» **The data**
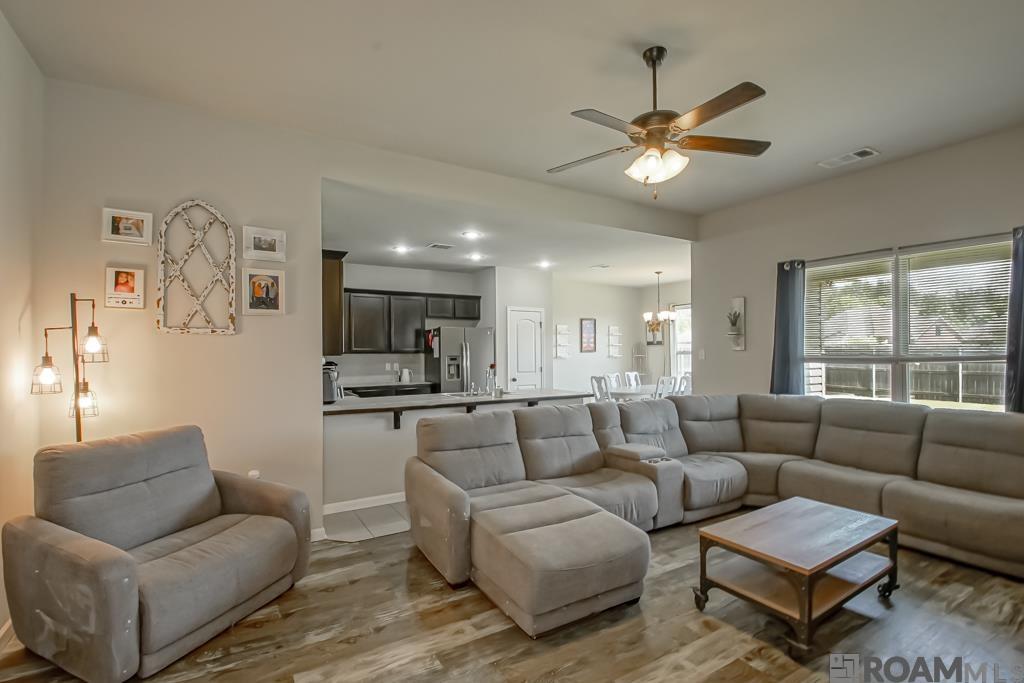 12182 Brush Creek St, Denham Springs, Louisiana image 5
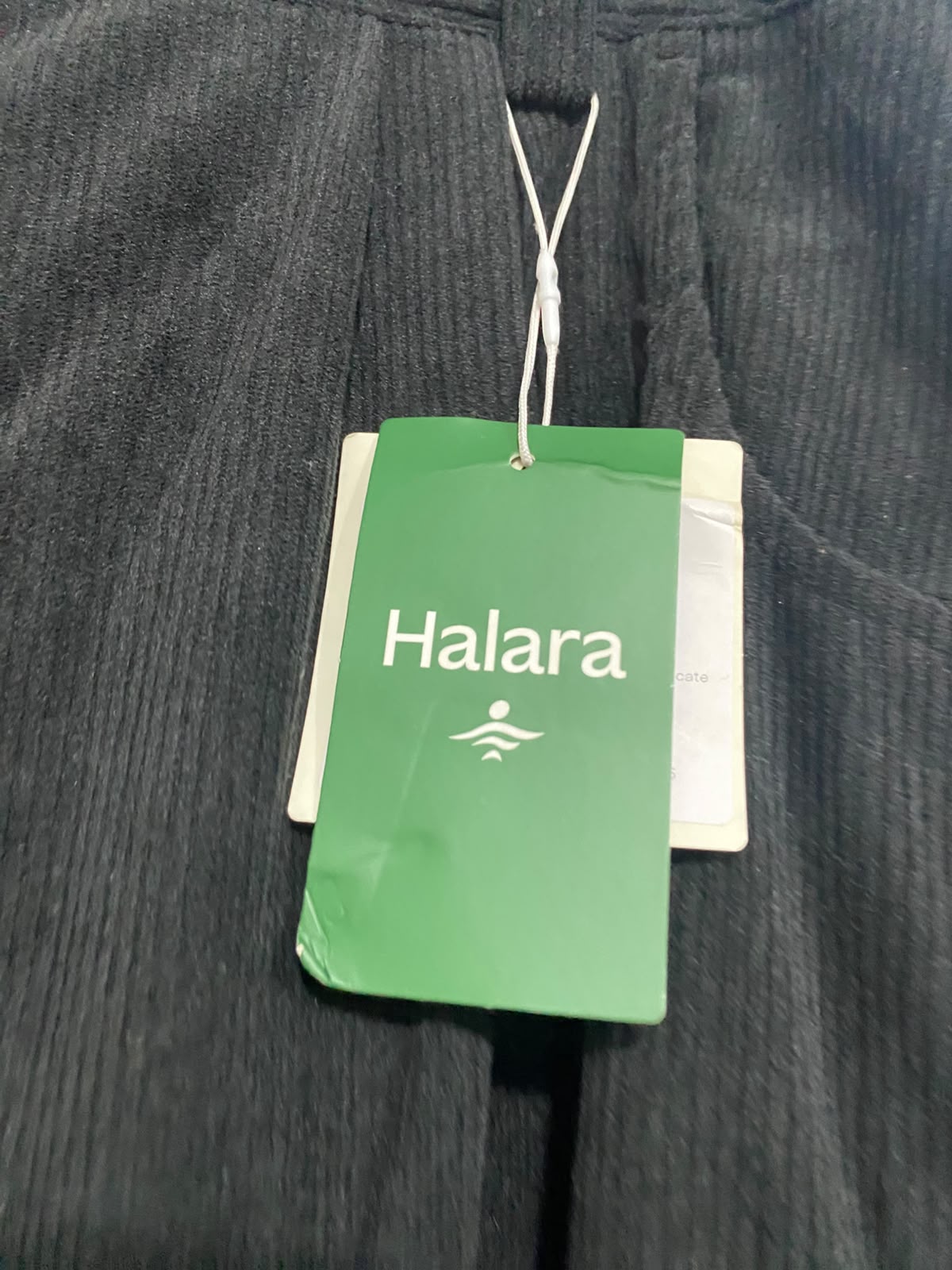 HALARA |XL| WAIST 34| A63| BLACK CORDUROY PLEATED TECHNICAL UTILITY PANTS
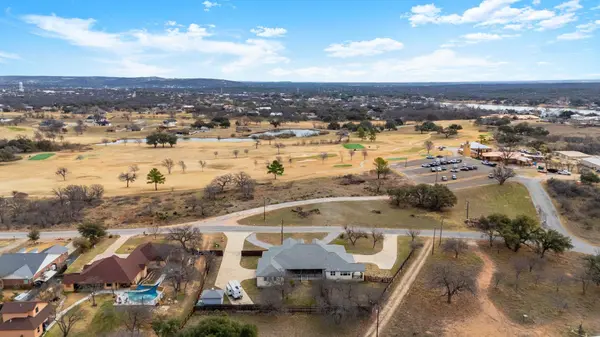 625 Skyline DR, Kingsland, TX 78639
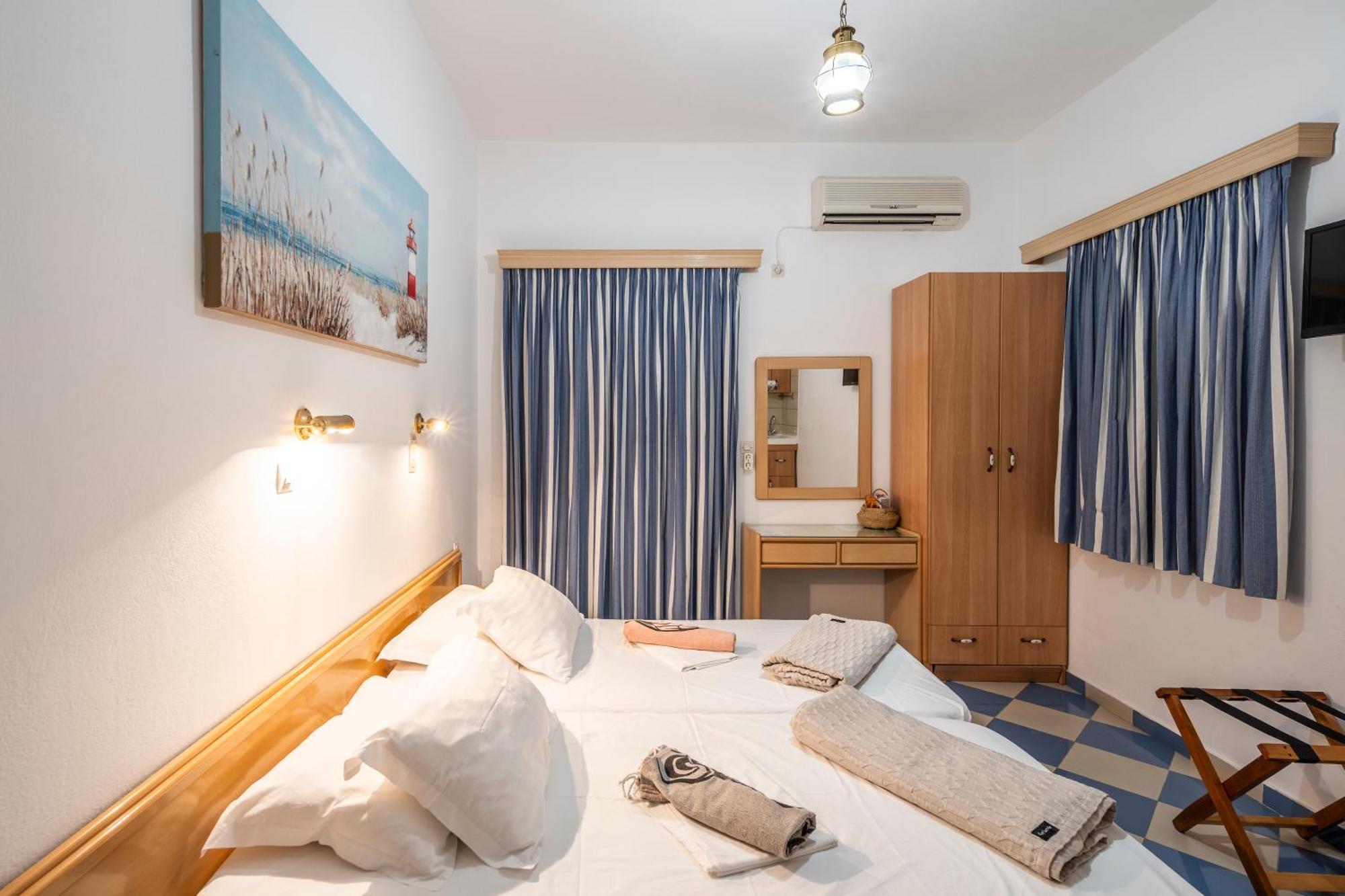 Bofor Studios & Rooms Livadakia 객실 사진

» **Task statement**
When you copy the listing above, reproduce every line exactly and skip the images.

» **Response to this exercise**
 12182 Brush Creek St, Denham Springs, Louisiana image 5
 HALARA |XL| WAIST 34| A63| BLACK CORDUROY PLEATED TECHNICAL UTILITY PANTS
 625 Skyline DR, Kingsland, TX 78639
 Bofor Studios & Rooms Livadakia 객실 사진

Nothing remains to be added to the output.